== Exercise data ==

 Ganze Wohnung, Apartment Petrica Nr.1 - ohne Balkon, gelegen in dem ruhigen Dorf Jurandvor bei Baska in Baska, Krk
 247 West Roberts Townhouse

==

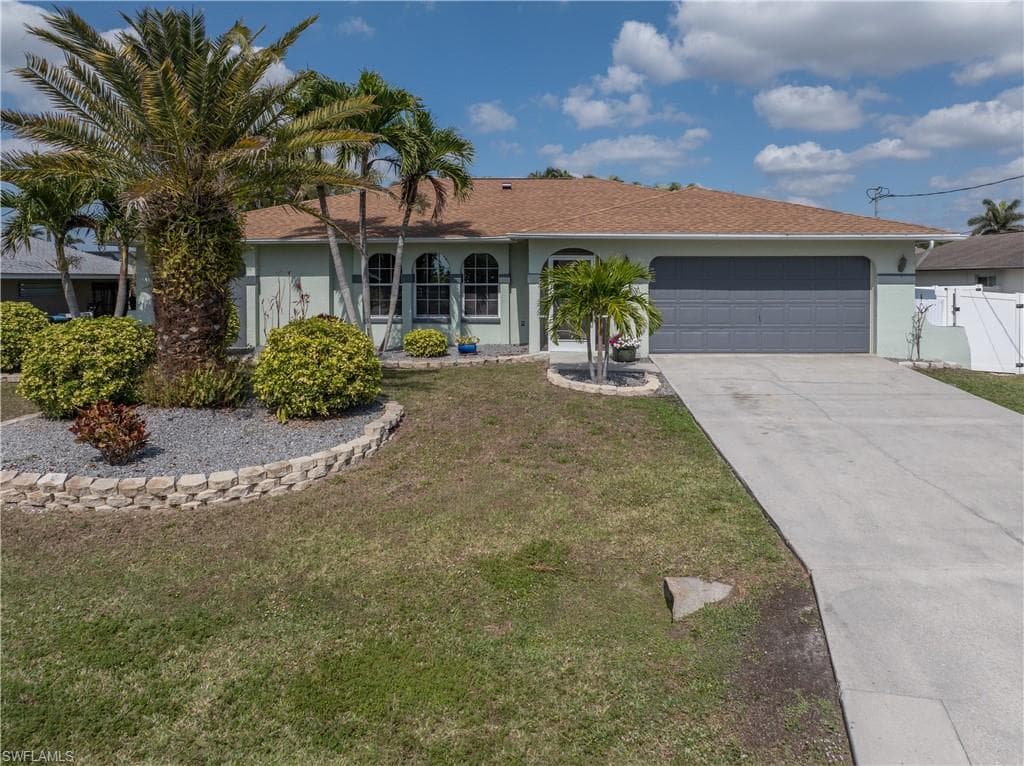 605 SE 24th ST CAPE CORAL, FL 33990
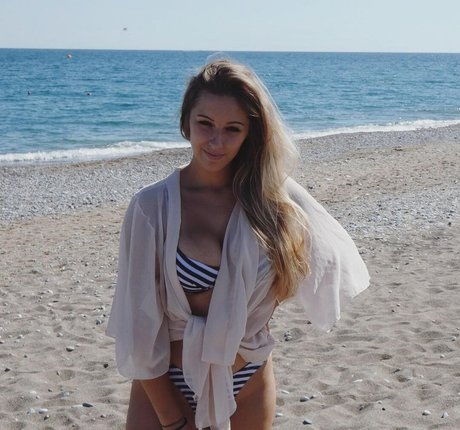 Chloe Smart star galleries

== Exercise requirements ==
Starting at the line that has "Ganze Wohnung, Apartment" in the records above, restate word for word every line until the one that has "247 West Roberts Townhouse", and include that one as well.

== Result ==
 Ganze Wohnung, Apartment Petrica Nr.1 - ohne Balkon, gelegen in dem ruhigen Dorf Jurandvor bei Baska in Baska, Krk
 247 West Roberts Townhouse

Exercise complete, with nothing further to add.